BRIEF:
Check every line in the records below for the word "with" and report how many have it, nothing more.

──────── EXCERPTED DATA ────────

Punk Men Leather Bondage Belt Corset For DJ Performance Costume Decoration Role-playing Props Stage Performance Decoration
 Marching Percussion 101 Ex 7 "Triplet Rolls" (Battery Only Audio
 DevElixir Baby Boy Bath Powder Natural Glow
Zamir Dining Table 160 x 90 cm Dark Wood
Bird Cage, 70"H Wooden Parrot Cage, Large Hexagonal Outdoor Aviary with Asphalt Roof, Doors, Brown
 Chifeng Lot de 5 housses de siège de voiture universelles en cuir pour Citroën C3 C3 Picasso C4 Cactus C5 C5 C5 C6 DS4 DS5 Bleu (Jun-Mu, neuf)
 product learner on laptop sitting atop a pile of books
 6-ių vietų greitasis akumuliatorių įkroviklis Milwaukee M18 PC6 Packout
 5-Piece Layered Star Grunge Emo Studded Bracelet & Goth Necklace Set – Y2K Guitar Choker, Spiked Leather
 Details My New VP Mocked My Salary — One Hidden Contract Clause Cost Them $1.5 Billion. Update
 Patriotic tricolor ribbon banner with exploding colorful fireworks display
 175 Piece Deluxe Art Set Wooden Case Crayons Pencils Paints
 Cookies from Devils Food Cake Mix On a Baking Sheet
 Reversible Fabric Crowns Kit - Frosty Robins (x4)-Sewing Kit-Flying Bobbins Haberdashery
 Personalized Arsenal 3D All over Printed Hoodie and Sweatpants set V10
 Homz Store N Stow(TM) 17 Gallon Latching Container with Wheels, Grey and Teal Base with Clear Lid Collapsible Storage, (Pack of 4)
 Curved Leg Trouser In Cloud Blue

────────

YOUR SOLUTION:
3